PROBLEM DETAILS: An exact transcription of all the records is required, minus the images.

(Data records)
==*==

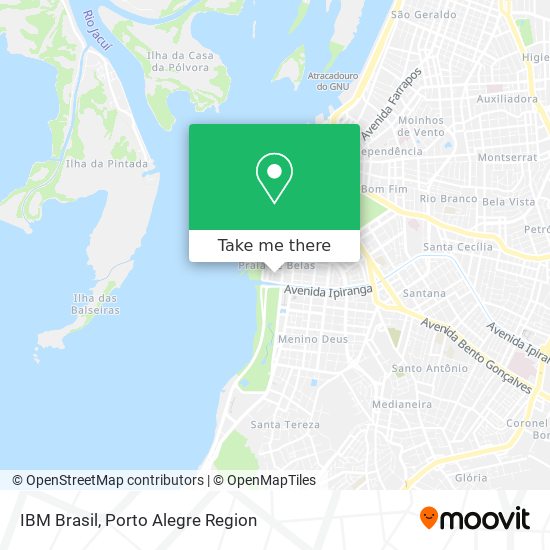 Mapa IBM Brasil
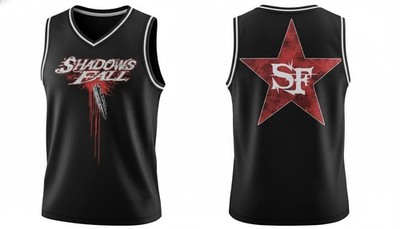 New Shadows Fall Basketball Jersey logo Metal music  Unisex S-5XL Shirt TK1018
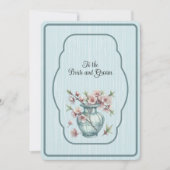 Blue Vase of Pink Apple Blossoms ノートカード (正面)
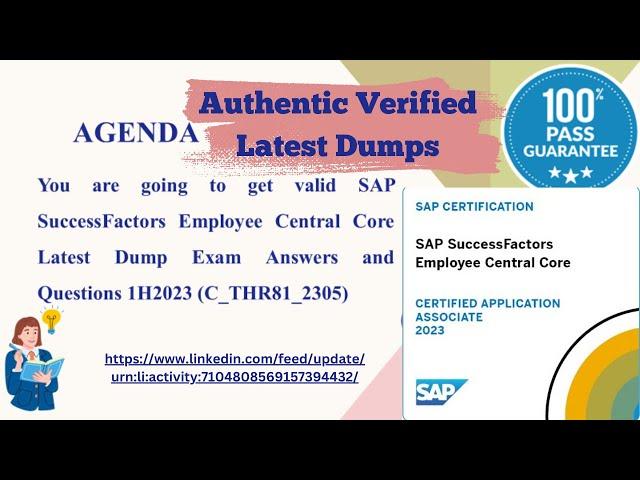 SAP SF Employee Central THR81_2305 1H2023 Exam Preparation and Practice Questions and Answers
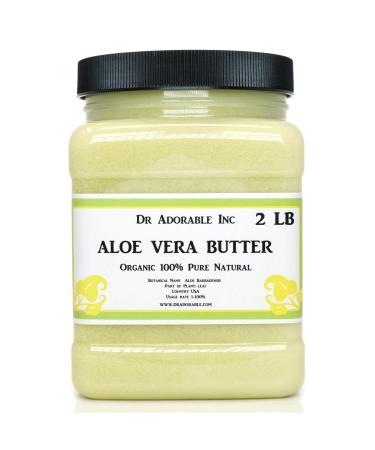 Dr Adorable - 2 lb - Aloe Vera Butter - Pure Natural Premium Organic Cold Pressed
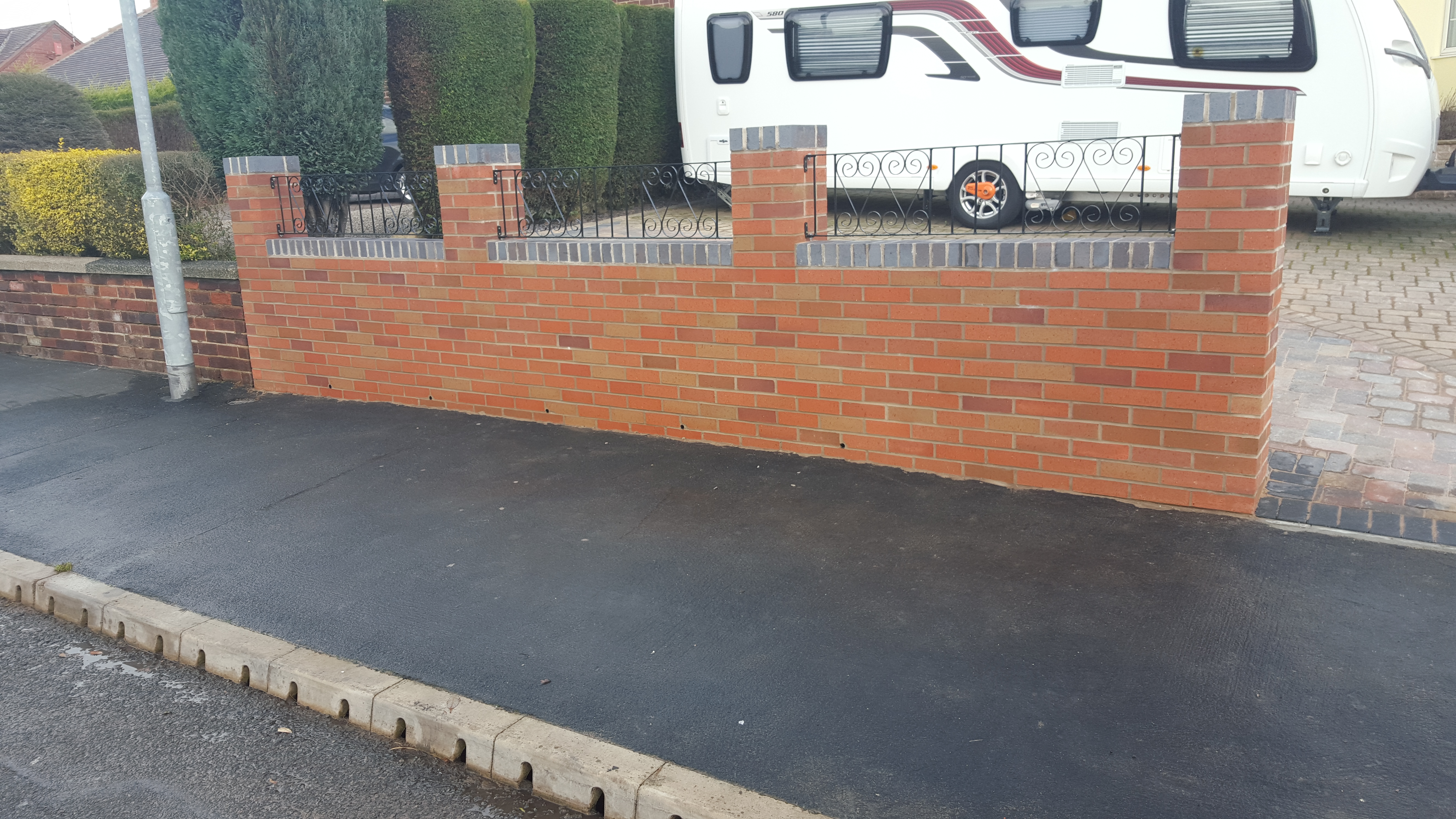 Professional bricklaying work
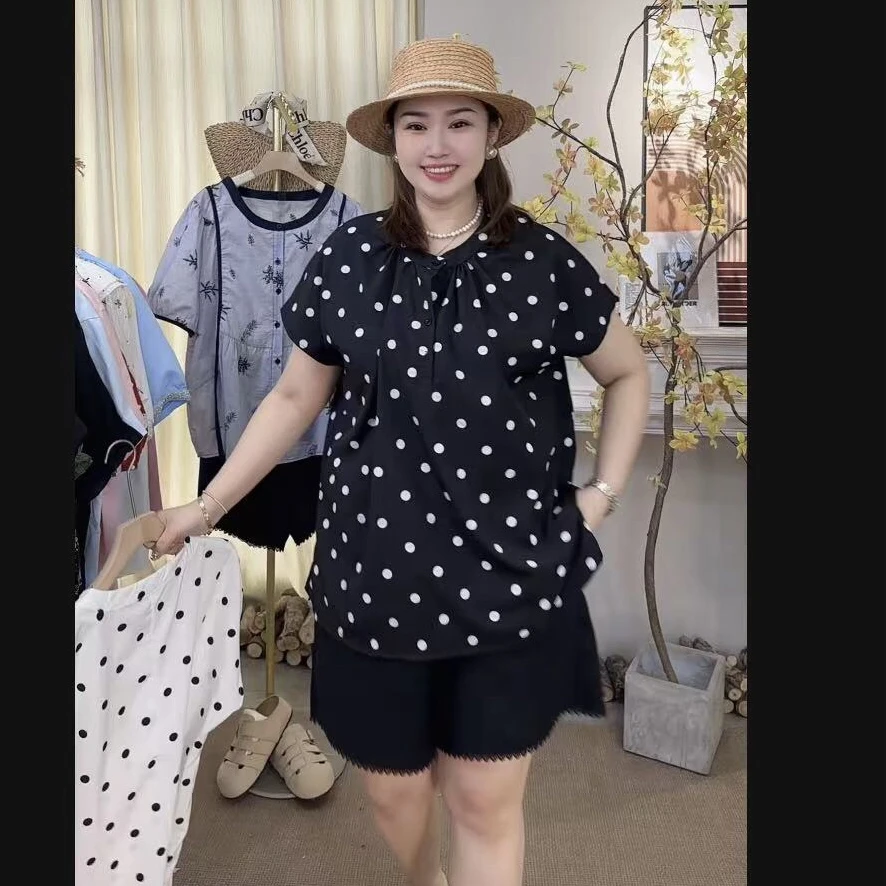 「夏市全开」东东家*9863大码新款设计感宽松洋气别致显瘦衬衫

==*==

ANSWER SPACE:
 Mapa IBM Brasil
 New Shadows Fall Basketball Jersey logo Metal music  Unisex S-5XL Shirt TK1018
 Blue Vase of Pink Apple Blossoms ノートカード (正面)
 SAP SF Employee Central THR81_2305 1H2023 Exam Preparation and Practice Questions and Answers
 Dr Adorable - 2 lb - Aloe Vera Butter - Pure Natural Premium Organic Cold Pressed
 Professional bricklaying work
 「夏市全开」东东家*9863大码新款设计感宽松洋气别致显瘦衬衫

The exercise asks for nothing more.